Use of valproic acid during pregnancy is associated with twice the risk for autism spectrum disorder (ASD) as well as a twofold increased risk for attention-deficit/hyperactivity disorder (ADHD) in offspring, the largest study of its kind to date has found.
Compared to previous research, this new study included a larger sample and longer follow-up and adjusted for important confounders other studies didn’t consider, including parental diagnosis, especially in fathers, and severity of maternal epilepsy.
After adjusting for these factors, the investigators found that among children of mothers who took lamotrigine, another antiseizure medication (ASM), during pregnancy, there was no significant increased risk of developing either autism or ADHD.

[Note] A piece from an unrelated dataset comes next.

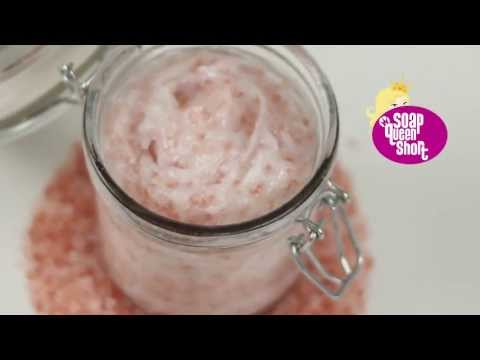 Coconut Oil and Salt Scrub - UCStN08hkQ1321WVdFqWD2-w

Although the findings regarding valproate, a first-line treatment for generalized epilepsy, “may be disheartening,” it’s important to remember that lamotrigine “is considered to be almost as effective,” lead author Kelsey K. Wiggs, BS, a doctoral candidate in the Department of Psychological and Brain Sciences, Indiana University, Bloomington, Indiana, told Medscape Medical News.
“If women are planning to become pregnant, it may be useful to consider lamotrigine as an alternative,” she said.
The study was published online October 28 in Neurology.
The study included 14,614 children born to women with epilepsy between January 1, 1996, and December 31, 2011, and who were followed to December 31, 2013.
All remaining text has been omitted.